What is the crank arm/chain ring set up on the Ti bike? How do those 44/305 tires ride? I wonder if the larger tire diameter works out to a wheel diameter about the same as the regular Brompton 37/349? Any brake changes for the 305s?


----------



## kais01 (2 May 2019)

on the two-speed i have a 69t chainwheel and regular 16/12 on the rear wheel. so not for hilly areas, have a different brommie for that. but use this as a no-fuss commuter when i know where i'm going. i have gone 90 km distance at 29 kmh on it. this bike is a great joy.

cranks are campa 172.5 on a square taper ti bb.

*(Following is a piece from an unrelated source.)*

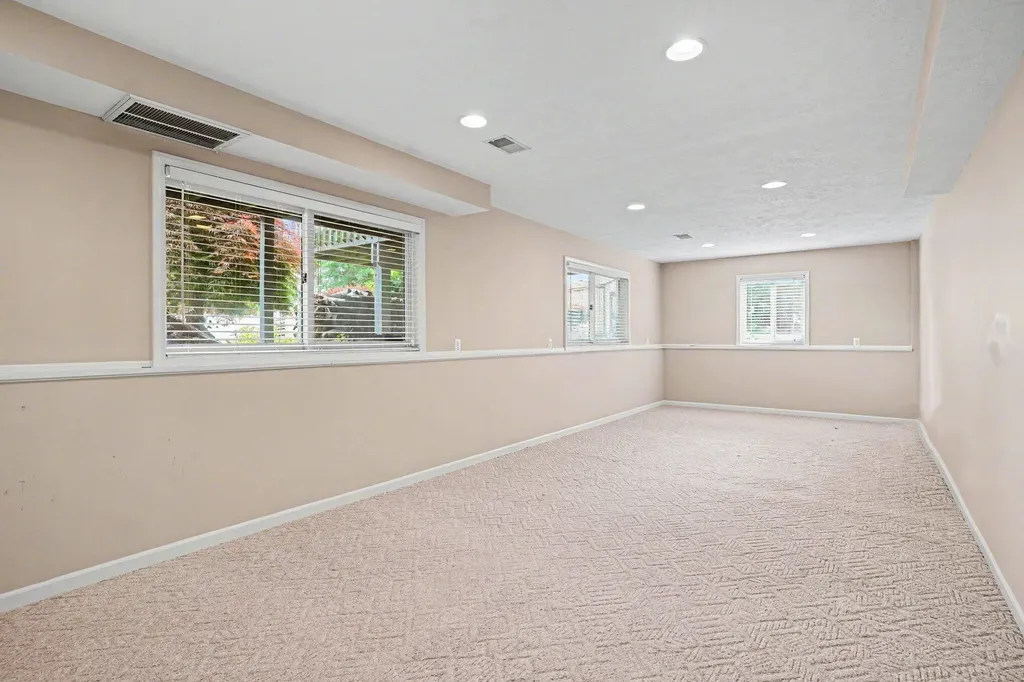 2940 Eldora Court Byron Township MI 49315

the winter bike is an old 90s t5 with a carbon seat post and lower handlebars. top gear is around 90, about the same as the two-speed. tyres are michelin diabolo 44/305 and these have proven to have unexpectedly good grip on snow and ice, which is a sure thing about four months where i live. so i almost do not use my other brompton with carbide studded schwalbes anymore. main reason for this is the michelins roll so much better. good enough to once while commuting accompany a fellow biker half an hour on his rando. only this guy had made pbp under 50h. i think he was quite surprised how well my bike went.

to accomodate the wheels brakes with longer reach were fitted, and also had to sand a bit of the outer tyre knobs.


----------